La Biblioteca Central Pedro Zulen, de la Universidad de San Marcos es otro de los espacios a los que guardo un gran cariño. Lugar común para los estudiantes, la biblioteca se constituía en no pocas ocasiones en el lugar perfecto para pasar el rato cuando no se tenía nada que hacer, cuando se deseaba leer simplemente, pensar, realizar tareas, elaborar afiches, organizar marchas, protestas o actividades culturales relacionadas con la realidad que vivimos durante la dura época del conflicto armado interno en el Perú. En la Pedro Zulen de los años noventa era común ver dormidos sobre el libro abierto a algunos estudiantes exhaustos. En el lugar leí básicamente literatura: revistas, folletos, trípticos, afiches, plaquetas, libros, una impresionante colección historiográfica de la literatura peruana guardan sus estantes y archivos.

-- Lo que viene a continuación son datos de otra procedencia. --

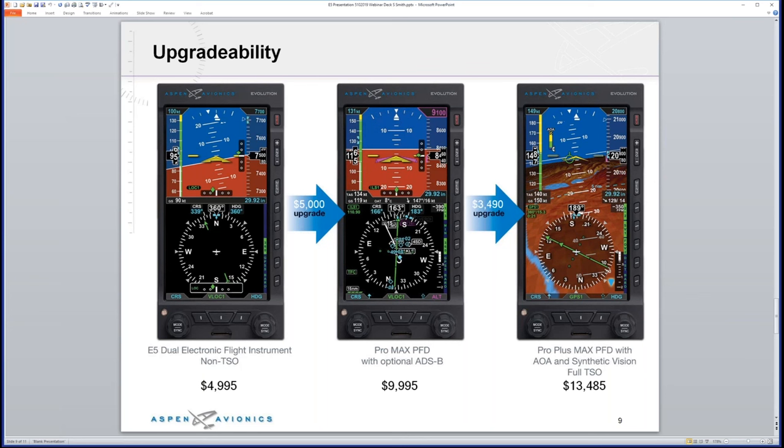Regarding the hardware: the RSM — Remote Sensing Module — goes outside and provides outside air temperature and other data. The displays are all built on the same hardware across the E5, Pro MAX, and Pro MAX Plus; it's really software changes between the three. The RSM, which includes the heading sensor, the ACU, and the EA100 if installed, are all compatible across the whole line. So you get in at $4,995 and if you decide later you want more, you haven't lost any ground in terms of tearing into the panel or the tail of the aircraft.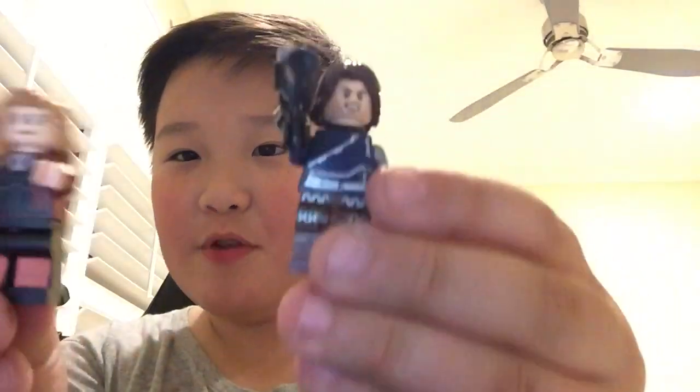Hey guys, it's me William. I'm very sorry it's been a while since I made a video — it was my friend's birthday party, so I'm sorry about that. But anyway, we're going to take a look at how to make the Avengers Infinity War Bucky and Scarlet Witch. So let's get to it.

La Biblioteca Municipal César Vallejo de Chimbote también me ha dado mucho. Los últimos diez años los he pasado en sus ambientes, primero en su inadecuado local de los altos del Mercado de Peces y hoy al interior del Centro Cultural Centenario. Si bien es cierto el ritmo de mis lecturas se han visto mermadas a raíz de mi incursión en las nuevas tecnologías de la información y la comunicación, de vez en cuando me introduzco de nuevo en su piel, en la organización de algunas actividades culturales, en su vida.

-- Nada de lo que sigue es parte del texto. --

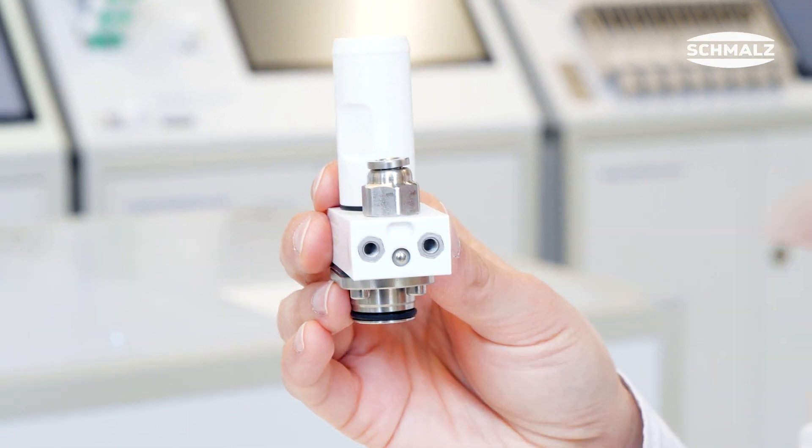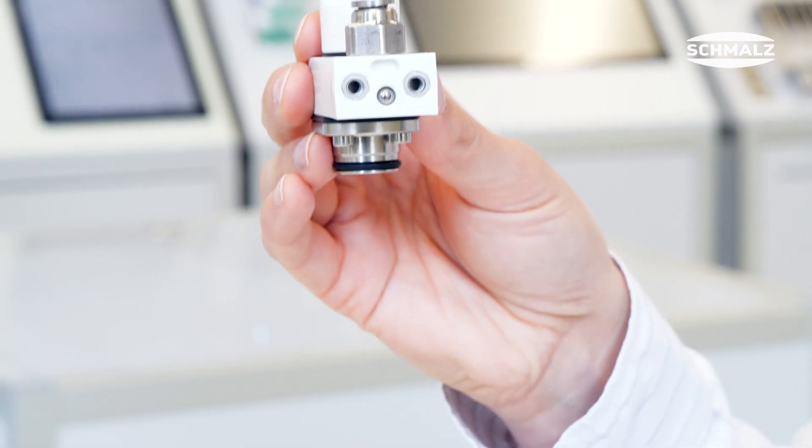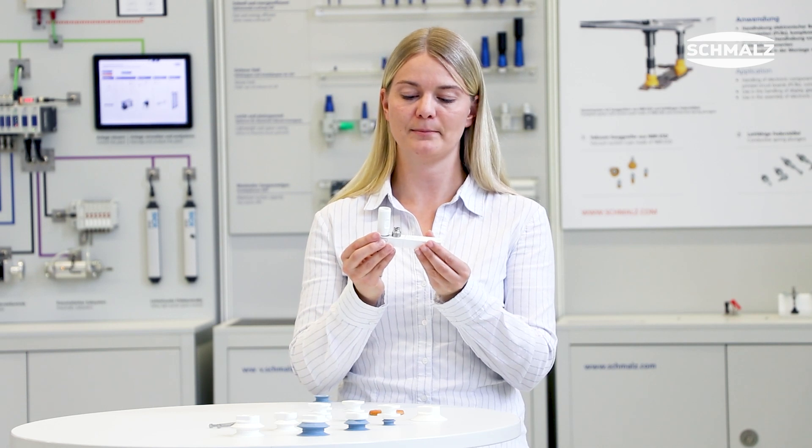Here, this is just the body. You can mount it directly on the right side to just the profile, or you can use the enlargement to adapt the gripper directly to a robot flange.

La última década he visitado bibliotecas diversas en espacios disímiles, algunas con recursos humanos adecuados, infraestructura y fondos bibliográficos, otras con sólo la fuerza y la fe en la lectura que le ponen sus bibliotecarios y lectores. Las bibliotecas son mi segundo hogar, siempre lo han sido; en ellas he detenido el tiempo, he sabido que estoy vivo, he aprendido, pensado y descubierto el mundo, me he conocido a mi mismo y he compartido un legado común. En las bibliotecas he desterrado la melancolía, la duda, la negación, el ruido callejero, la fealdad de la vida. Las bibliotecas han sido siempre mi último refugio del mundo, mi lugar de evasión e imaginación, un espacio donde soñar, escribir y crecer.
Al suscrito le indigna que las bibliotecas no lleguen a todas partes ni a todos los peruanos, enerva que existan pueblos tan cerca de las urbes (o en las mismas ciudades) donde los libros les sean vetados a los niños excluidos que desean salir de la miseria a través de la lectura. Las bibliotecas y el libro merecen el lugar protagónico en la sociedad en que vivimos, un presupuesto digno y el espacio que les ha sido históricamente negado por los desilustrados gobernantes que tenemos y hemos tenido siempre. Decía Vallejo, el poeta de todos: "Hay hermanos, muchísmo que hacer", y no le faltaba (ni le falta) razón. Gracias por permitirme compartir este post con las memorias de mi pequeña patria (las bibliotecas), me lo estaba debiendo.